[Brief descriptive captions]
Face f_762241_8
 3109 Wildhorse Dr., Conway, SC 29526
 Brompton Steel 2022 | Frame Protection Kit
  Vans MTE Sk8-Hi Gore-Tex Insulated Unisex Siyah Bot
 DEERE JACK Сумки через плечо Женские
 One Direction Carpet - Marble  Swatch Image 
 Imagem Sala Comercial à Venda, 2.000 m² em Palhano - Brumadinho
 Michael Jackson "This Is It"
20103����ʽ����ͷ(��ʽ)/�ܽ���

...

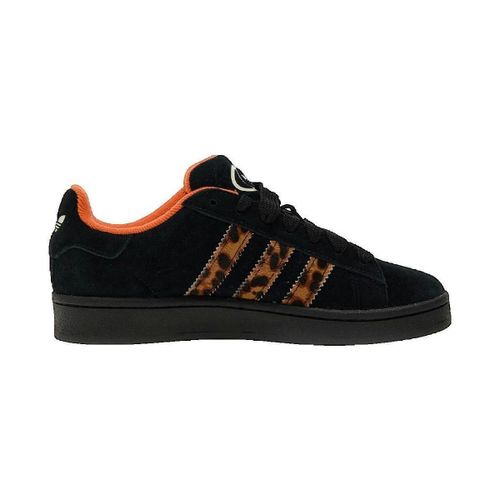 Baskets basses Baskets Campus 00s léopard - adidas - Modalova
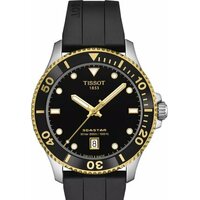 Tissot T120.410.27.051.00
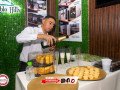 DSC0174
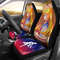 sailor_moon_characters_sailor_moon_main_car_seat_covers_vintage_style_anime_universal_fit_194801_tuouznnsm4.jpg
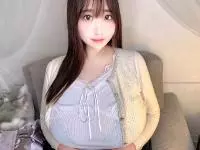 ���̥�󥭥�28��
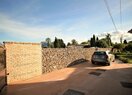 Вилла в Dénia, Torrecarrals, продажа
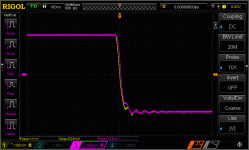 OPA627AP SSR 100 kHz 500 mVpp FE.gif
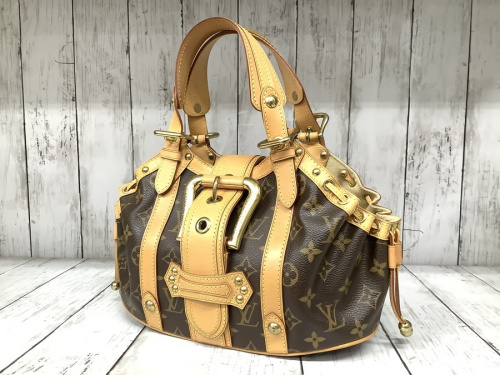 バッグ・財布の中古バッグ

--

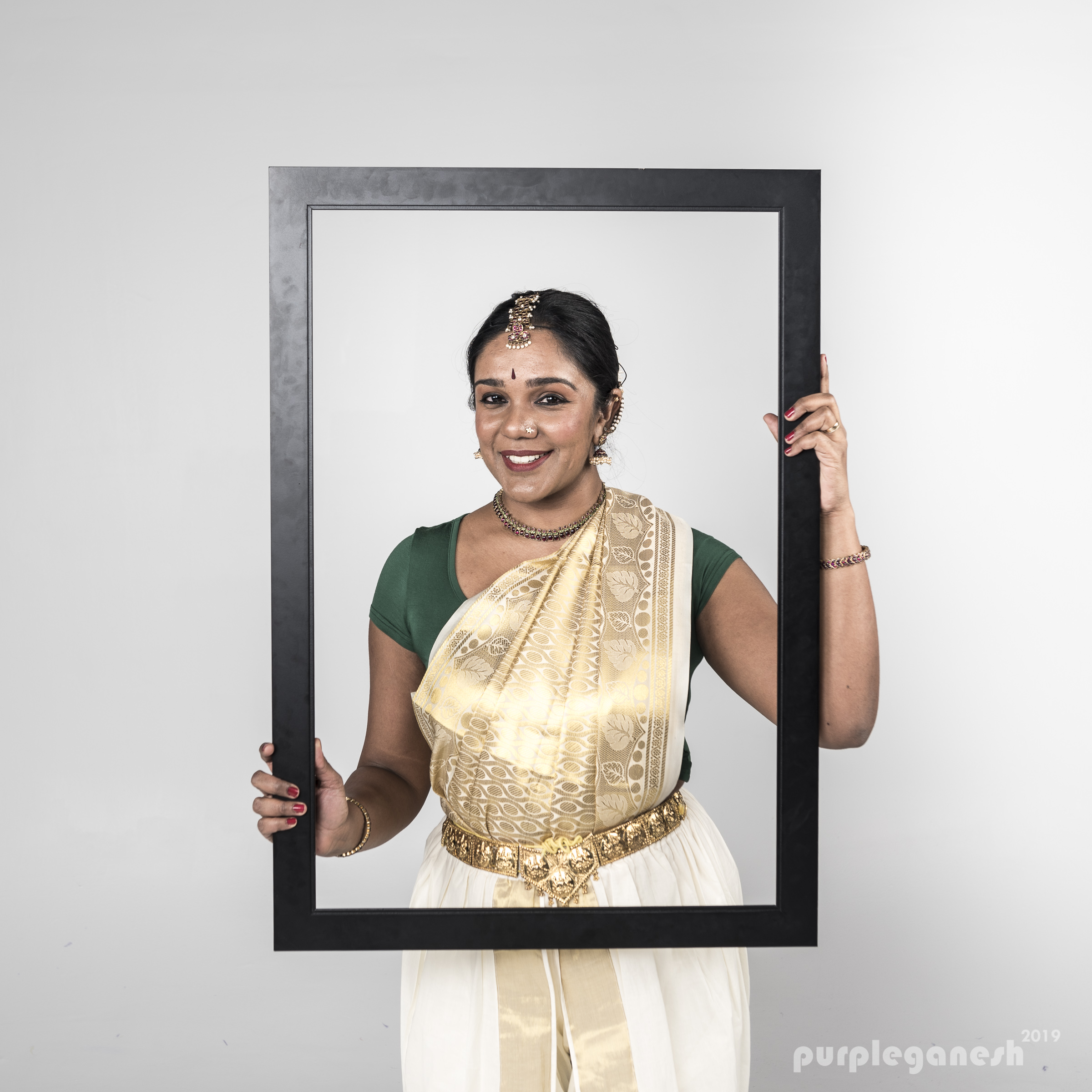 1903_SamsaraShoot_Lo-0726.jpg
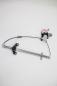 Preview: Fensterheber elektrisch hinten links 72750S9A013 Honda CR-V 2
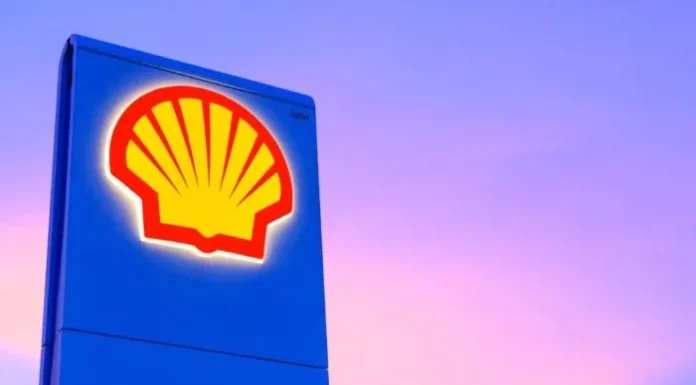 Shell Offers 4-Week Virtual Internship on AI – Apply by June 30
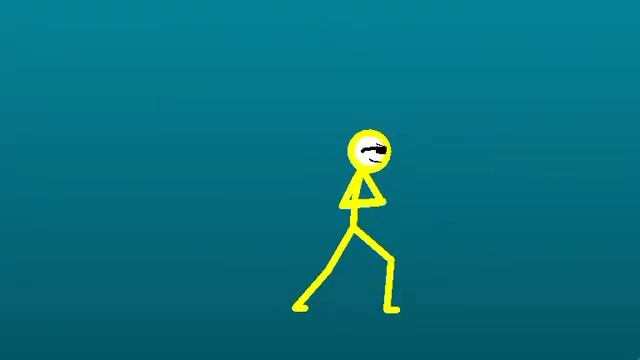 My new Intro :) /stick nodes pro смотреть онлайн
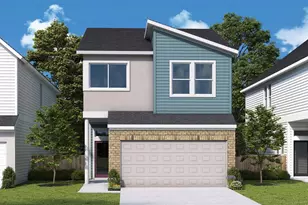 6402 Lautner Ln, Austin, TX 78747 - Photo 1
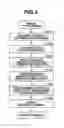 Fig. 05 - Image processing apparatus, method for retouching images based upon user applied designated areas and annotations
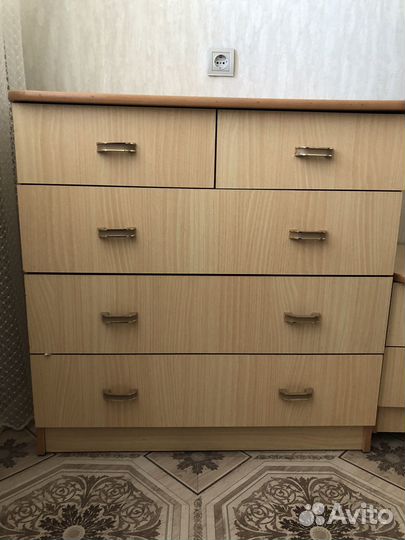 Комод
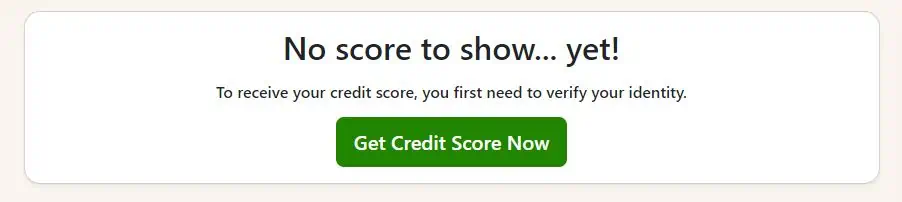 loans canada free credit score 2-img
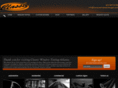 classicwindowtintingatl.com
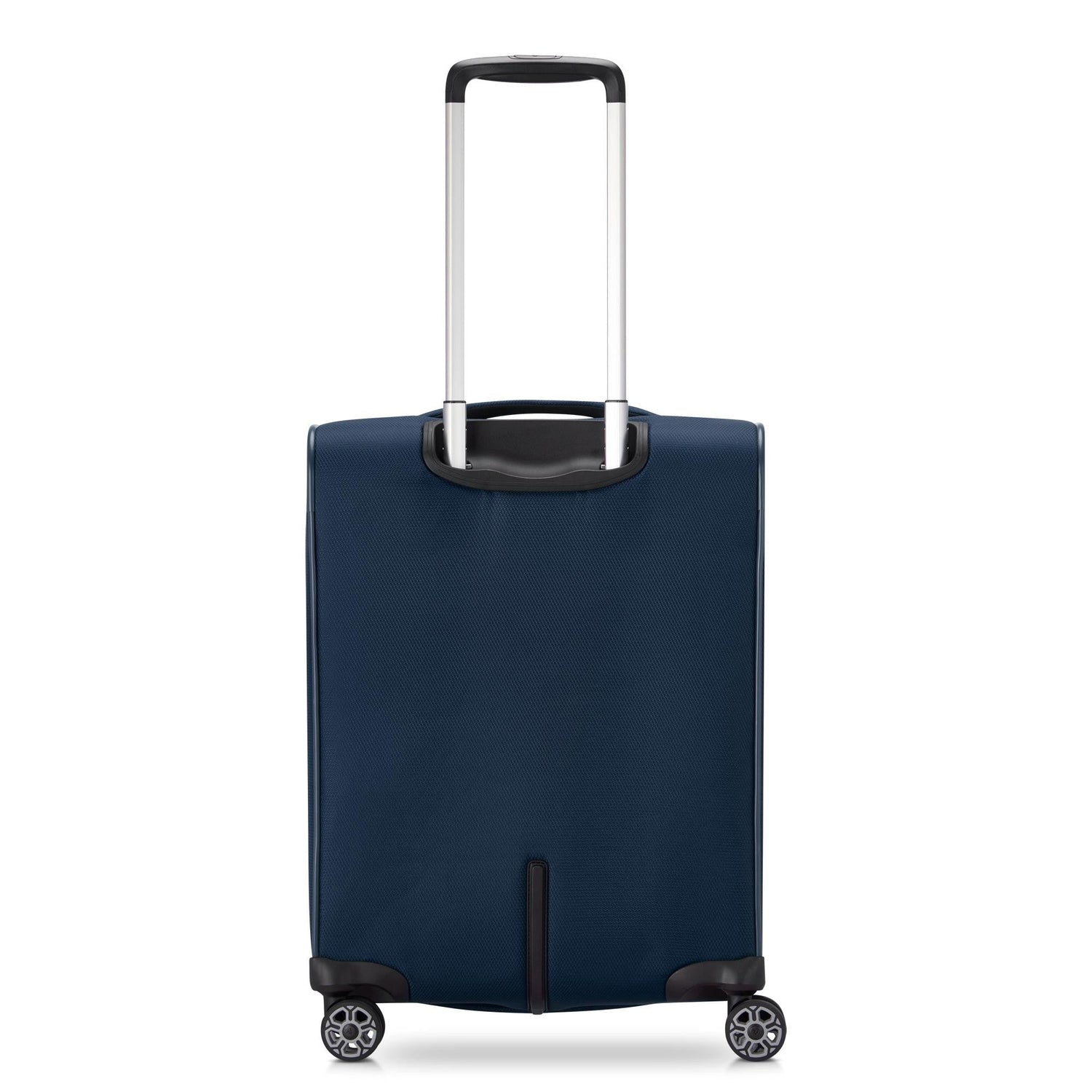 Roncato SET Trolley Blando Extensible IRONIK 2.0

- Work instruction -
Would you retype exactly the lines above, from the line with "3109 Wildhorse Dr., Conway, SC 29526" to the line with "20103����ʽ����ͷ(��ʽ)/�ܽ���", with both end lines kept and nothing more?

- Output for this task -
 3109 Wildhorse Dr., Conway, SC 29526
 Brompton Steel 2022 | Frame Protection Kit
  Vans MTE Sk8-Hi Gore-Tex Insulated Unisex Siyah Bot
 DEERE JACK Сумки через плечо Женские
 One Direction Carpet - Marble  Swatch Image 
 Imagem Sala Comercial à Venda, 2.000 m² em Palhano - Brumadinho
 Michael Jackson "This Is It"
20103����ʽ����ͷ(��ʽ)/�ܽ���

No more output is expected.